Generate Podcast From Any Webpage Using NotebookLlama

NotebookLlama workflow

NotebookLlama, an open source version of Google NotebookLM deploys Meta’s Llama recipe for NotebookLM on the Llama family of models. Previously I used the NotebookLM to generate a podcast. I decided to build it from scratch using NotebookLlama workflow to generate a podcast from webpage content.

Workflow:

  1. Read webpage content.
  2. Transcript Writer: Use Llama-3.1-8B-Instruct model to write a podcast transcript from the text
  3. Dramatic Re-Writer: Use Llama-3.1-8B-Instruct model to make the transcript more dramatic
  4. Text-To-Speech: Use parler-tts/parler-tts-mini-v1 and bark/suno to generate a conversational podcast

Much of the code in this example is sourced from the NotebookLlama repo.

Environment Setup

I built the pipeline in Google Colab using L4 GPU. Copy of the code can be found here.

Install optimum and transformers

!pip3 install optimum
!pip install transformers==4.43.3
!pip install -U flash-attn --no-build-isolation

Note, if torch version is not 2.4.0+cu121, it’ll get stuck when install flash-attn as it can’t figure out which version to install. To reinstall torch:

!pip uninstall -y torch torchvision torchaudio
!pip install torch==2.4.0 torchvision torchaudio --index-url https://download.pytorch.org/whl/cu121

Import necessary libraries

from IPython.display import Audio
import IPython.display as ipd
import json
import io
import numpy as np
import pickle
from tqdm import tqdm
from accelerate import Accelerator
import transformers
from transformers import BarkModel, AutoProcessor, AutoTokenizer
from parler_tts import ParlerTTSForConditionalGeneration
import warnings

warnings.filterwarnings('ignore')

If you run into an error ModuleNotFoundError: No module named 'TTS' you need to install the latest Parler-TTS, a lightweight text-to-speech (TTS) model that can generate high-quality, natural sounding speech in the style of a given speaker. To install, follow the instruction on Parler-TTS Github:

!pip install git+https://github.com/huggingface/parler-tts.git

Load Webpage

I extract the content from this web article about AI Safety and Canadian AI Safety Institute.
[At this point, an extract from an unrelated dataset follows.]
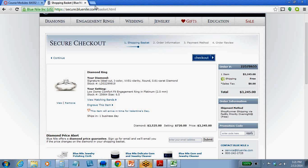This is known as mass customization. BlueNile can do this because they have the diamonds ready to go and people who can customize the ring in less than half an hour. It then goes to FedEx — who operate out of their Seattle shop — and can be delivered overnight.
# Extract webpage content (main content, no navigation bars)
import requests
from bs4 import BeautifulSoup

def get_main_content(url):
    try:
        # Fetch the webpage
        response = requests.get(url)
        response.raise_for_status()  # Check if the request was successful

        # Parse the HTML content
        soup = BeautifulSoup(response.text, 'html.parser')

        # Attempt to find the main content
        main_content = soup.find('main') or soup.find('article')

        # If no <main> or <article> tag is found, try common class names
        if not main_content:
            main_content = soup.find('div', class_='content') or \
                           soup.find('div', class_='main-content') or \
                           soup.find('div', class_='article-content')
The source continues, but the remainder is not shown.